Oklahoma City Thunder rookie Terrance Ferguson talks to Basketball Insiders about learning from his teammates, earning minutes and being mentally tough.

Ben Nadeau



Before he reached the NBA, the Oklahoma City Thunder’s Terrance Ferguson was once often referred to as a man of mystery. After changing course on two different programs in a two-month span, Ferguson ditched the typical one-and-done collegiate season for an adventure on the other side of the planet. But even after the Thunder selected Ferguson with the No. 21 overall pick in last year’s draft — the questions still lingered. How would a teenager with one season overseas adjust to the world’s most physical basketball league?

Not many rookies can contribute to a 40-plus win squad out in the cutthroat Western Conference so quickly — but down the stretch, here Ferguson is doing just that. With the Thunder locked in a tight playoff battle with six others teams, the 19-year-old’s hard-working personality has fit alongside the roster’s three perennial All-Stars — Russell Westbrook, Paul George and Carmelo Anthony. And although his rookie season has come with some growing pains, Ferguson is earning meaningful minutes and making the most of them.

“I think it’s my work ethic, I come in every day with the same mentality,” Ferguson said. “I work my butt off — inside the game, being physical. Even though I’m a skinny guy, as everyone can see, I’m still everywhere on the floor being physical. I think [the coaching staff] really likes that, especially on the defensive end.”

Skinny or not, Ferguson is one of the league’s youngest players, so the 6-foot-7 guard has plenty of room to grow — literally. But for now, he’s playing an integral role on an Oklahoma City team looking to protect its high postseason seed. Late January brought the unfortunate season-ending injury to Andre Roberson — an All-Defensive Second Team honoree in 2016-17 — so the Thunder have needed both new and old players to step up in bigger roles.

While those candidates included the three-point shooting Alex Abrines, veteran Raymond Felton and the newly-acquired Corey Brewer, Ferguson’s recent rise in the rotation has arguably been the most interesting development. Since the calendar flipped to January, Ferguson has featured in almost all of the Thunder’s games, tallying just two DNP-CDs and one missed contest following a concussion. This steady diet of opportunity comes as a stark contrast to the 15 games in which he received no playing time, spanning from the season’s opening tip to the new year.

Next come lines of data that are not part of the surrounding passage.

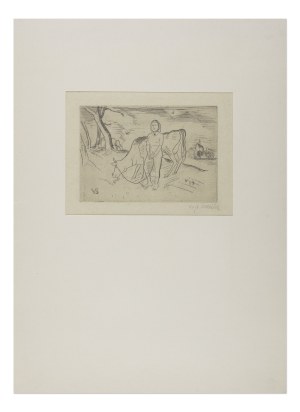 VOJTĚCH SEDLÁČEK (CZECH / BOHEMIAN 1892 - 1973) - Shepherdess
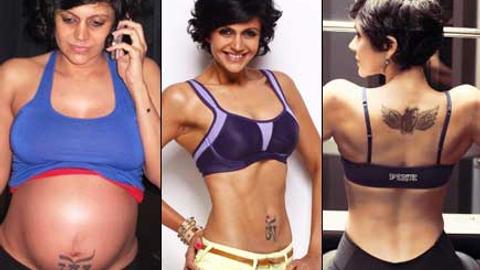 Mandira Bedi Sex Video - Mandira Bedi's transformation post pregnancy will inspire you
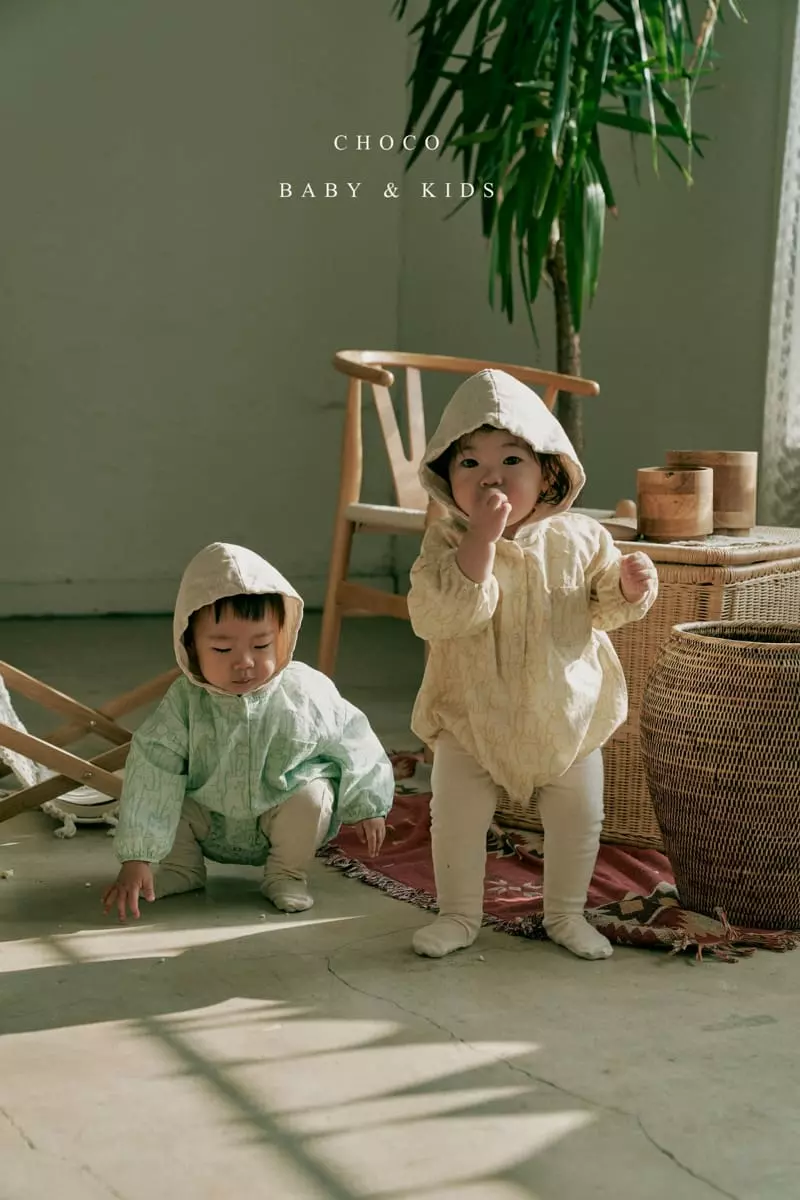 Choco bebe - Korean Baby Fashion - #babygirlfashion - Bebe Friends Hoody Bodysuit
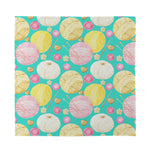 Watercolor Yarn Pattern Print Silk Bandana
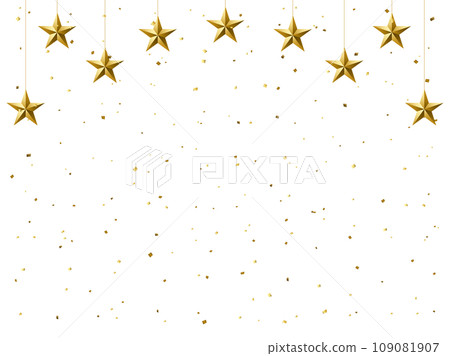 Star decoration, confetti, gold 1 109081907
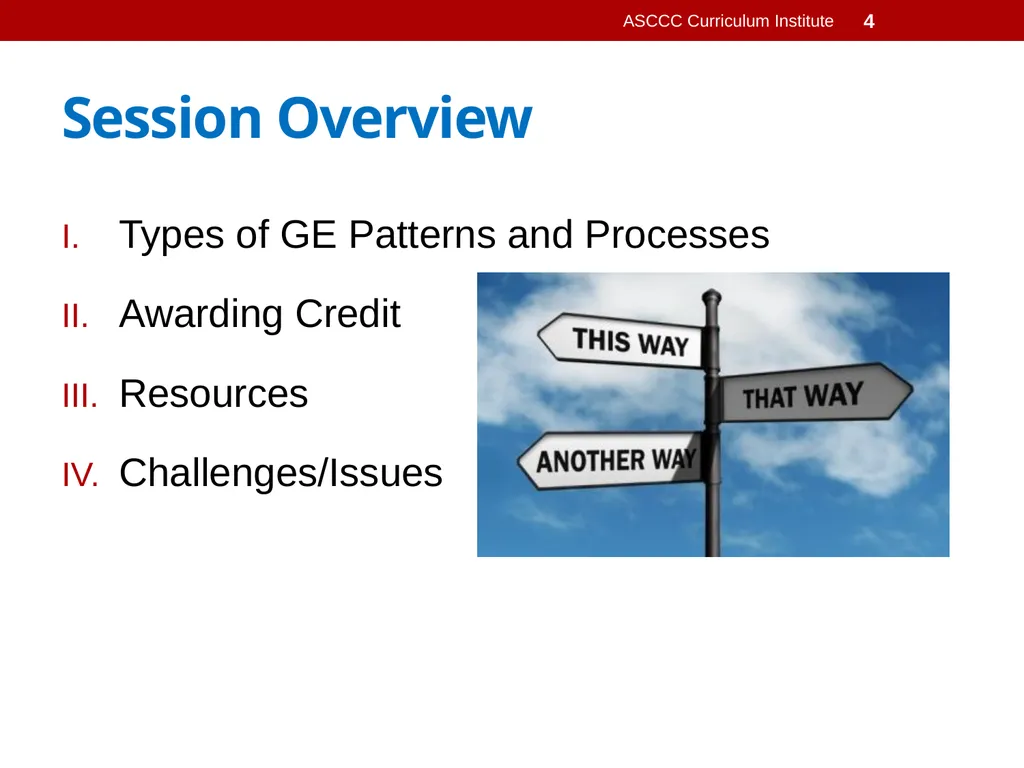 General Education Basics ASCCC Curriculum - slide 4 of 29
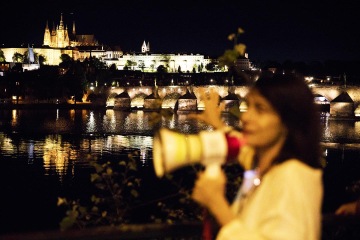 NightSeiing™ with Leni Schwendiger at reSITE 2017. (c) Tomas Princ.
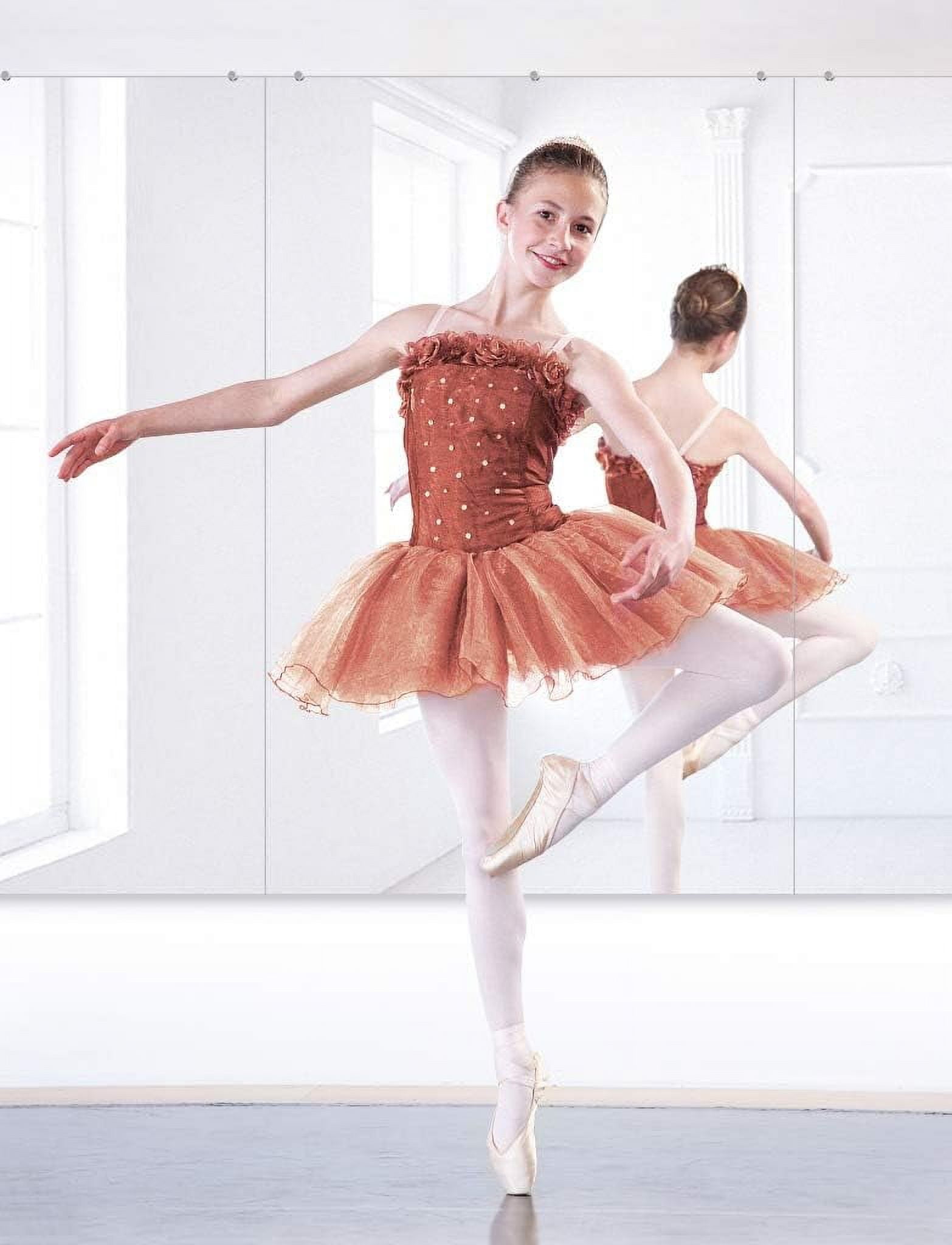 Gym Mirror Beveled WallMounted Activity Mirror Horizontally Or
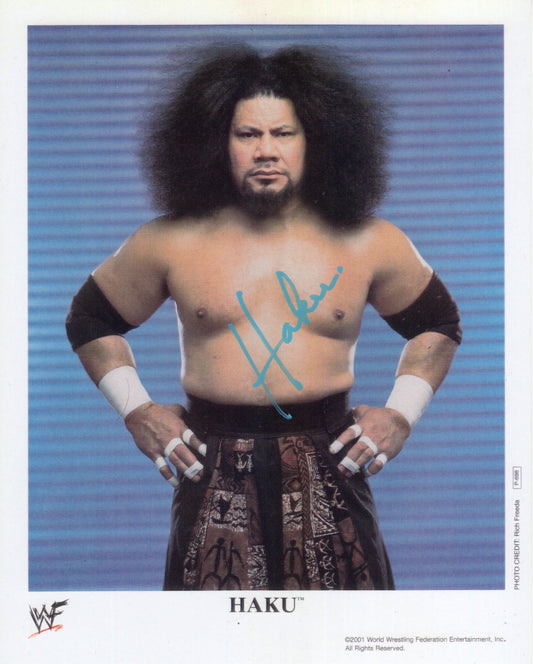 Haku Meng 8x10 photo signed auto autographed WWF WCW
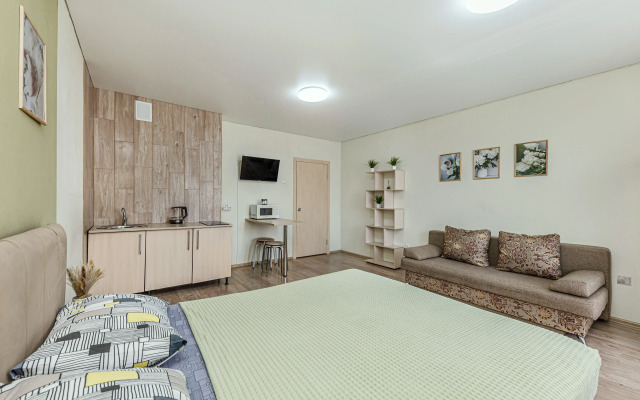 Квартира Студия в Современном м-не Академ Riversaide для 4х Гостей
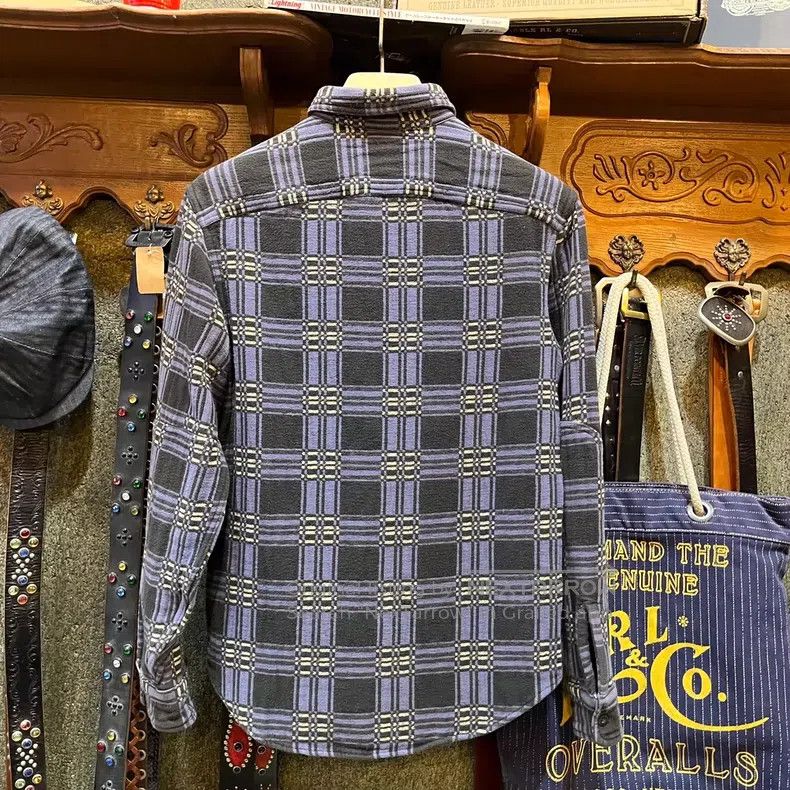 RRL Ralph Lauren RRL Ralph Lauren Depp's same thick checkered shirt Size US S / EU 44-46 / 1 - 2 Thumbnail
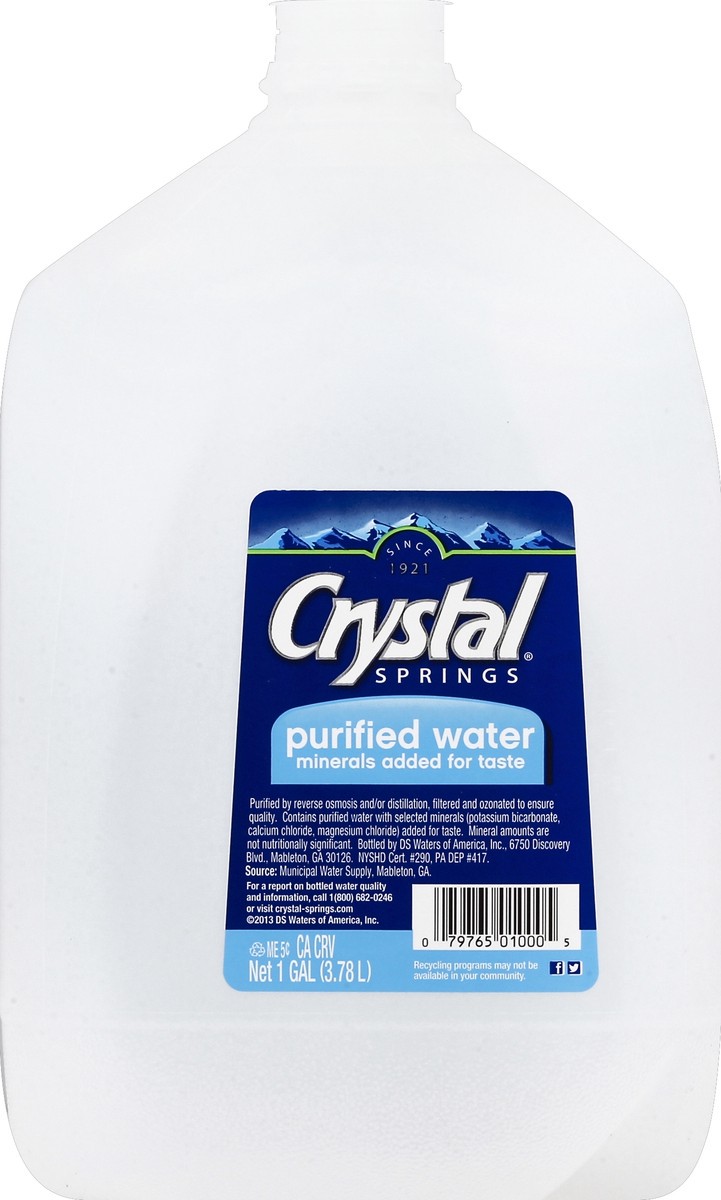 slide 1 of 4, Crystal Water - 1 gal, 1 gal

Of course, playing time is not always indicative of success, but Ferguson himself isn’t surprised that he’s carved out a crucial role ahead of the playoffs.

“Not really, it’s all up to coach’s decision,” Ferguson told Basketball Insiders. “I’m just here playing my part, staying ready at all times and some minutes came, so I’mma take them and play to the best of my ability.”

Back in October, Basketball Insiders’ own Joel Brigham spoke to Ferguson about his unconventional path to NBA and the choice to spend a year grinding with the Adelaide 36ers, an Australian outfit. In the land down under, Ferguson averaged just 15 minutes a night, considerably less than he would’ve likely received as a highly-recruited prospect here in America. Some five months later, Ferguson’s early-season stance on the move still stands out.

“I’m living the dream now, right? I must have done the right thing,” Ferguson said.

Today, it’s hard to disagree with Ferguson’s decisions considering that they’re currently paying off. In 2009, Brandon Jennings became the first to skip college and play in Europe before being drafted, with Emmanuel Mudiay most notably following in his footsteps six years later. While those two point guards both were selected in the top ten of their draft classes — at No. 10 and No. 7, respectively — it still remains the road far less traveled.

Considered raw by most pre-draft evaluations, an early expectation was that Ferguson would spend much of the season with the Oklahoma City Blue, the Thunder’s G-League affiliate. Instead, Ferguson has played in only three games with the Blue, where he has averaged a commendable 14.7 points, four rebounds and 1.3 steals per game.

But as of late, the Thunder have found somebody that’ll always work hard, learn from others and do the little things that don’t show up in the box score.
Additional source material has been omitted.